Why you gotta be that way? I guess you can blame it on pride. I wish you’d drop it. You know, I’ve spent a lot of time hyping you here. And really, it’s not as if you suck in any way at all. No, really, all you’ve ever done is deliver exciting-as-hell performances, like you did tonight in your second featherweight (126 lbs.) bout, this one a 2nd round knockout against Marcos Ramirez. But this pride thing — it’s getting in the way of your greatness.
HBO’s Max Kellerman is right. You could be Roy Jones, Jr. Instead, you’re heading more toward Naseem Hamed. Like Max said, being Hamed is not a bad thing at all. But here’s the difference. One day, if you keep it up like you have been, you’re going to get knocked the hell out. Or dominated by a slicker, more disciplined fighter, the way Hamed got dominated by Marco Antonio Barrera. Until then? You’ll completely, 100% thrill us.
It’s just not what I want for you. You have potential greatness in you. If you could just, for one second, not be such an arrogant, macho type. So Ramirez knocks you down in the first round with an elbow. First off, you shouldn’t have gotten hit with it. A more conservative fighter — even a slightly more conservative fighter — doesn’t get caught with that. And to make matters worse, you took it as an insult, one that had to be avenged immediately. OK, so you caught up with him the very next round and finished the show. Great. What happens when the guy you try to get even with is far better than a guy who, like Ramirez, has got a borderline knockout ratio against inferior competion and has been out of the ring for 16 months with some rather severe family trauma? Exactly.

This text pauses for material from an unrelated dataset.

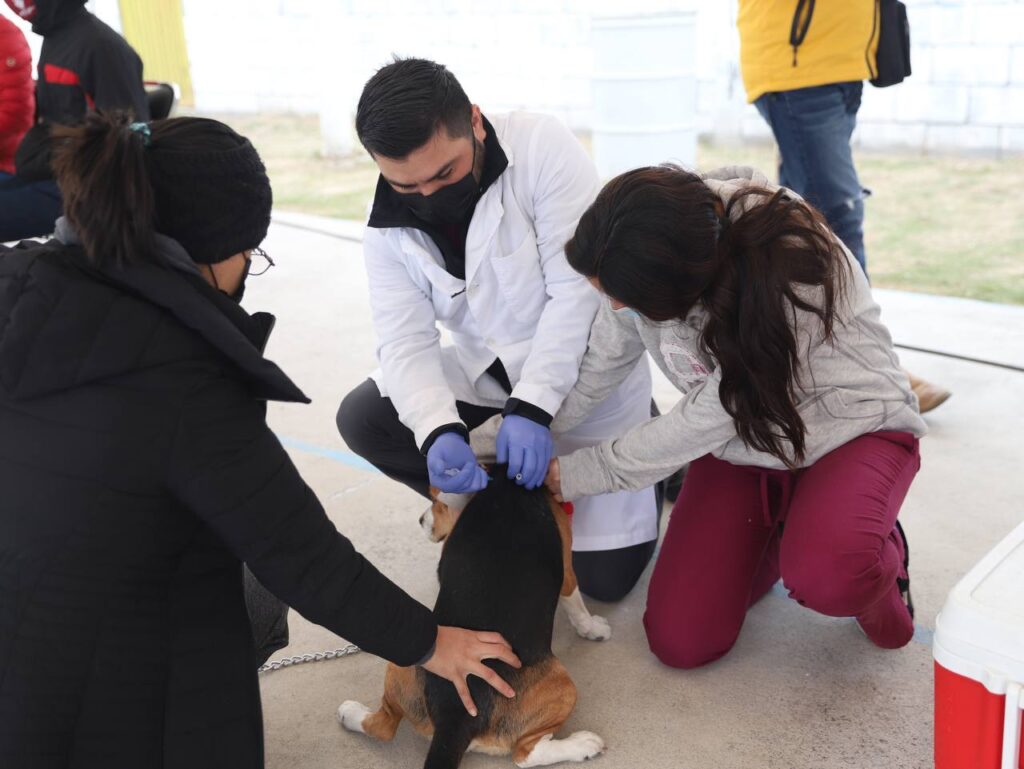 Gobierno de Nuevo Laredo realiza extensa campaña de salud animal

Your career could be so much more, so much more, than just a guy who excites as a prospect and is a crapshoot against a real champion. That’s fun and all, but there’s no evidence that you’re going to, after two appearances on HBO, dial it back ever-so-gently. Have at it, but the unmitigated cheerleading here will probably drop off, like, the next time you fight.
Other commentary from HBO’s “Night of the Rising Stars II”:
Sergio Martinez was, indeed, blindingly fast against Alex Bunema, en route to a corner stoppage. Martinez is now in position for a shot at Vernon Forrest’s junior middleweight (154 lbs.) belt. I liked what I saw, but as nice a run as Bunema has been on lately, he just got out-classed. I’m not sure Martinez looks so impressive against a more versatile opponent. I guess we’ll find out, unless Forrest decides to ditch his belt.
In a whole different way, fellow junior middleweight Alfredo Angulo completely dominated Andrey Tsurkan. Angulo is an interesting fighter because he’s a brawler with excellent technique, the kind that makes up for his lack of speed because his crisper punches always land first. I thought the fight should’ve been stopped around the 8th, the way it was for Bunema. The brave Tsurkan just took an unnecessary beating from a superior foe for two more rounds before it was finally stopped. Angulo’s not far from his own title challenge, if he keeps it up like this.